Stylianos Ioannis Mimilakis¹ and Konstantinos Drossos²
¹Fraunhofer-IDMT, Ilmenau, Germany
²Tampere University of Technology, Tampere, Finland
Contact: mis [at] idmt.fraunhofer.de
- is_blind: no
- additional_training_data: no
Task: Singing voice separation.
We used the Masker and Denoiser (MaD) architecture presented in the references below. Our method operates on single-channel mixture magnitude spectrograms and yields single-channel estimates for the singing voice. The accompaniment source is estimated by time-domain subtraction. To avoid the computational complexities of the recurrent inference, we introduced to the overall cost a unit matrix norm penalty for the latent representation of the target source time-frequency mask (denoted as "H_j_dec" in our paper). In MDL1 a scalar of 2e-7 is applied to the aforementioned matrix norm. For training we only used the training subset of MUSDB18, without any augmentation, normalisation or dropout. At test time, we applied our method to each available mixture channel independently.

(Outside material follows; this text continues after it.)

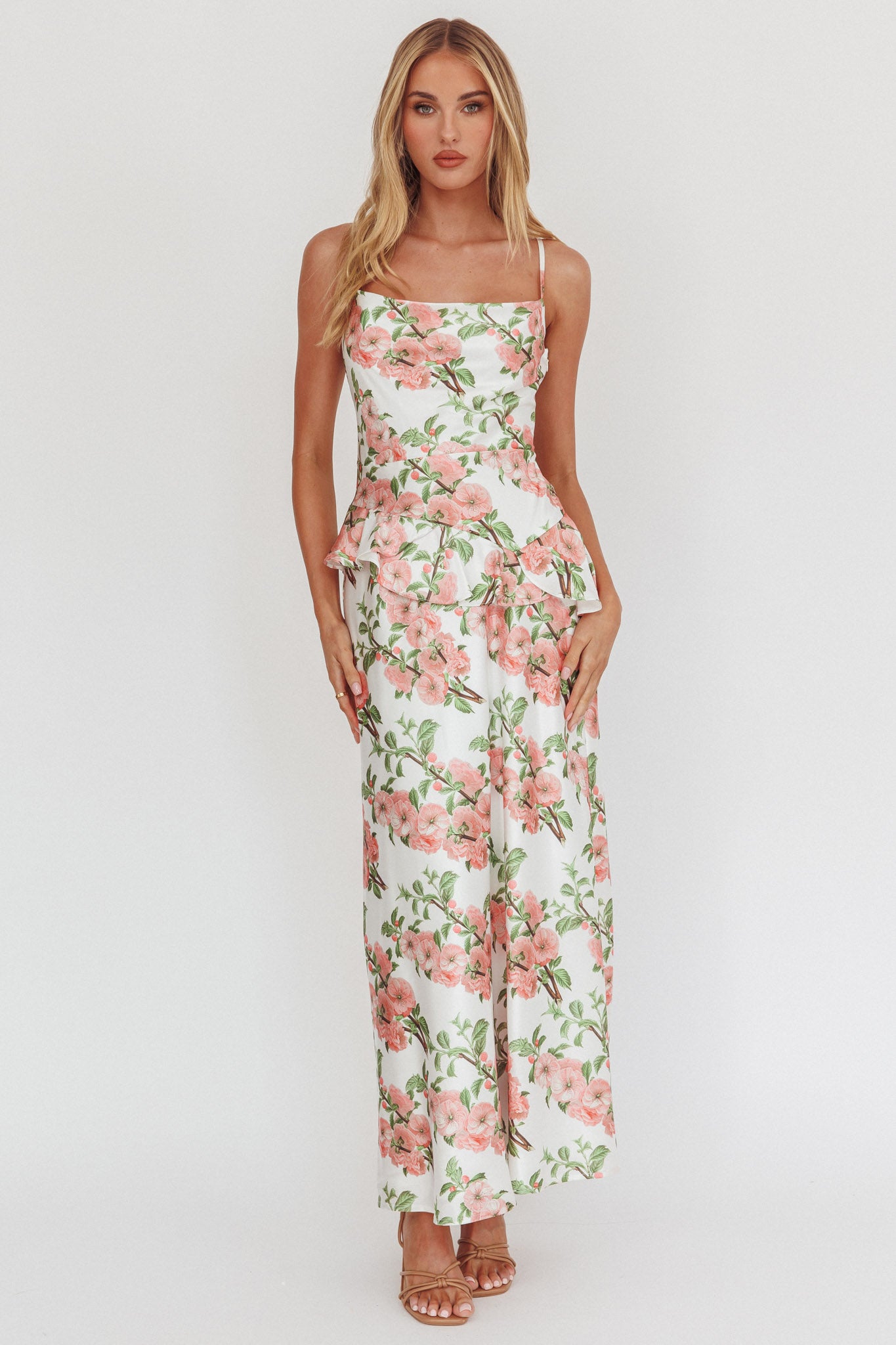 Jerica Ruffle Waist Maxi Dress Floral Blush by Selfie Leslie Australia
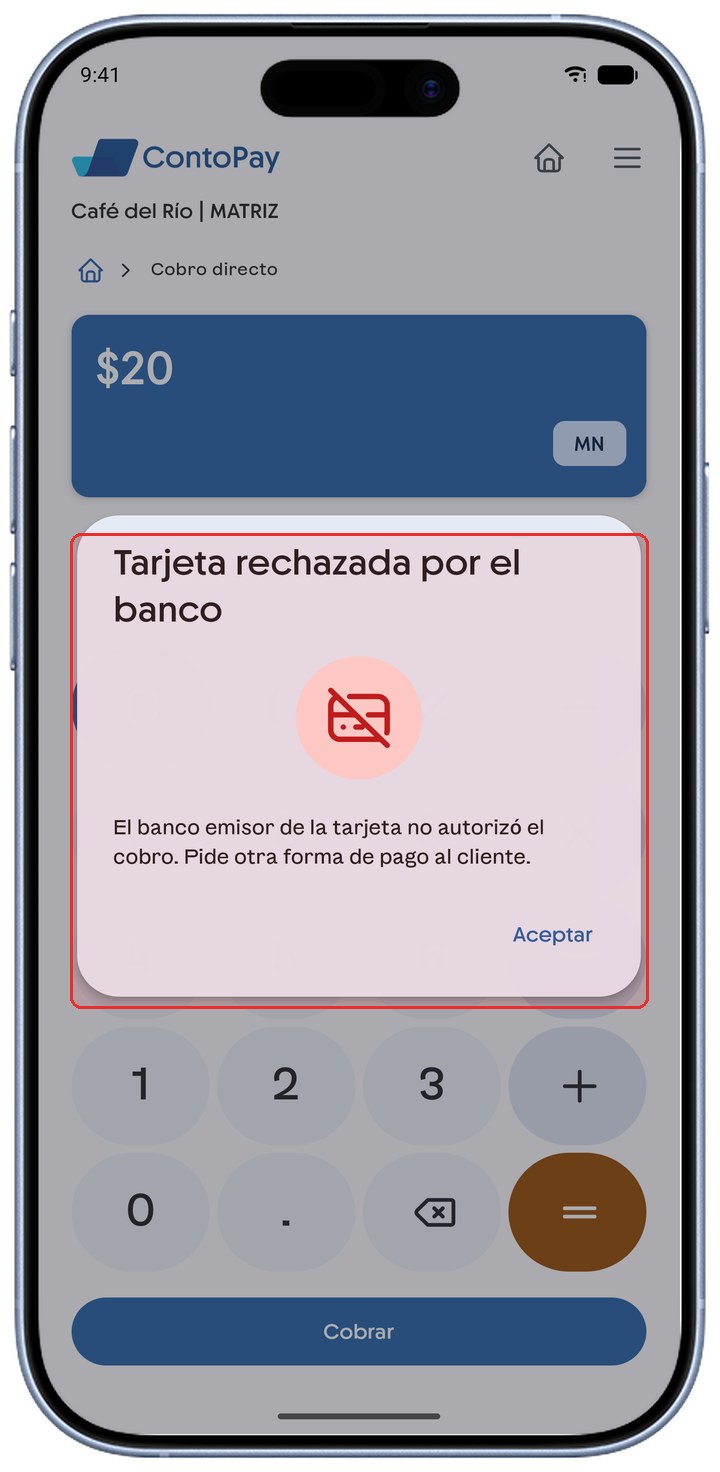 Cobro con tarjeta en ContoPay con el aviso Tarjeta rechazada por el banco resaltado en rojo.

More details can be found here: https://js-mim.github.io/mss_pytorch/
1 S.I. Mimilakis, K. Drossos, T. Virtanen, and G. Schuller: A recurrent encoder-decoder approach with skip-filtering connections for monaural singing voice separation, in Proc. IEEE International Workshop on Machine Learning for Signal Processing (MLSP), September 2017.
2 S.I. Mimilakis, K. Drossos, J.F. Santos, G. Schuller, T. Virtanen, and Y. Bengio: Monaural singing voice separation with skip-filtering connections and recurrent inference of time-frequency mask, in Proc. IEEE International Conference on Acoustics, Speech and Signal Processing (ICASSP), April 2018.